🚀 ValidateX

A powerful, extensible data quality validation framework for Python.

Badges represent (from left to right): CI/CD Build Status, Code Coverage, Test Count, Latest PyPI Release, Supported Python Versions, License, and Code Style.
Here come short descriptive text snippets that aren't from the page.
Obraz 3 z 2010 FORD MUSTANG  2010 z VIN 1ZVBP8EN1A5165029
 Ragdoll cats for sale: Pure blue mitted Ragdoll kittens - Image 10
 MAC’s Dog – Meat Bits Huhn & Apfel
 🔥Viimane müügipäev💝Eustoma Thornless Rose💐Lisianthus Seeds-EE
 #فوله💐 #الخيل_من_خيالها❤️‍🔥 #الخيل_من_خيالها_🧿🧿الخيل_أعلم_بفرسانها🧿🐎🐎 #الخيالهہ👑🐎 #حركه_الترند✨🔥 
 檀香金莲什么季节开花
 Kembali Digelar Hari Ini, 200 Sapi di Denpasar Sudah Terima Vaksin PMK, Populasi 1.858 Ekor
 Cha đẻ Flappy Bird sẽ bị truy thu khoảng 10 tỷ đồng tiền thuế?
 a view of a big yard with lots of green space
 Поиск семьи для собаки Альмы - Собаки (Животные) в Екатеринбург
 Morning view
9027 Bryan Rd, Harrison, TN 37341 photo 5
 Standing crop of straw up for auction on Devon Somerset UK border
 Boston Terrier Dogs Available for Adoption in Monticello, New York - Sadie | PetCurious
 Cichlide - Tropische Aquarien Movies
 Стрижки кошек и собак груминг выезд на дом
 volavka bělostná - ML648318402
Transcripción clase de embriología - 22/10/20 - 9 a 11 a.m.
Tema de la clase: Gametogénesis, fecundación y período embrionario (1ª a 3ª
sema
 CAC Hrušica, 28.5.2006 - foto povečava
ValidateX provides a comprehensive suite of tools for validating, profiling, and monitoring data quality across Pandas, Polars, and PySpark DataFrames, as well as Push-Down SQL engines. Inspired by Great Expectations, it offers a simpler, more focused approach with modern, production-ready HTML reports and an intuitive API.

🖼️ Report Preview

Column Health Summary with mini bar charts

Severity-tagged Expectations with human-readable output

🤔 Why ValidateX?

Feature	ValidateX	Great Expectations	Pandera
Easy Setup	✅ `pip install` → validate in 5 lines	⚠️ Heavy multi-step context setup	✅ Decorator & Schema API
HTML Report Generator	✅ Modern dark-theme report	✅ Data docs site	❌ Basic schema error logs
Data Quality Score	✅ Weighted (0–100) business score	❌	❌
PySpark Support	✅ Distributed DataFrame support	✅	⚠️ Limited PySpark engine
Polars Support	✅ Multi-threaded Rust support	✅	⚠️
Push-Down SQL Native	✅ Postgres, Snowflake, BigQuery, DuckDB	✅	❌
Data Drift (PSI)	✅ Built-in PSI & Schema shifts	❌ Separate plugins	❌
Airflow Operator	✅ `ValidateXOperator` built-in	⚠️ External provider	❌
Webhook Alerts	✅ Slack & Teams built-in	⚠️ Complex webhook setups	❌

ValidateX is not a replacement for Great Expectations — it's a focused alternative for teams that want production-grade data validation without the overhead.

⚡ Performance Benchmarks

Execution performance measured on standard datasets across Pandas, Polars, and PySpark engines (run via python -m benchmarks.benchmark_suite):

Dataset Size	Engine	Execution Time	Peak Memory	Setup / API Lines
100,000 rows	Pandas	0.04s	2.1 MB	5 lines
100,000 rows	Polars	0.03s	< 1 MB	5 lines
100,000 rows	PySpark	55.65s (local JVM init)	< 1 MB	5 lines
1,000,000 rows	Pandas	0.13s	33.2 MB	5 lines
1,000,000 rows	Polars	0.21s	< 1 MB	5 lines
1,000,000 rows	PySpark	52.21s	< 1 MB	5 lines
10,000,000 rows	Pandas	2.22s	268.5 MB	5 lines
10,000,000 rows	Polars	4.77s	< 1 MB	5 lines
10,000,000 rows	PySpark	Distributed Cluster	Distributed	5 lines

💼 Real-World Industry Showcases

Explore production-ready validation examples tailored for major data domains in examples/showcase/:

👤 Customer 360 Validation — Demographic bounds, email pattern checks, loyalty tier rules.
🛒 Sales ETL Pipeline Validation — Order revenue consistency, non-negative quantities, ISO timestamps.
🏦 Banking Transaction Audit — UUID ledger checks, strict currency sets, Z-score outlier detection.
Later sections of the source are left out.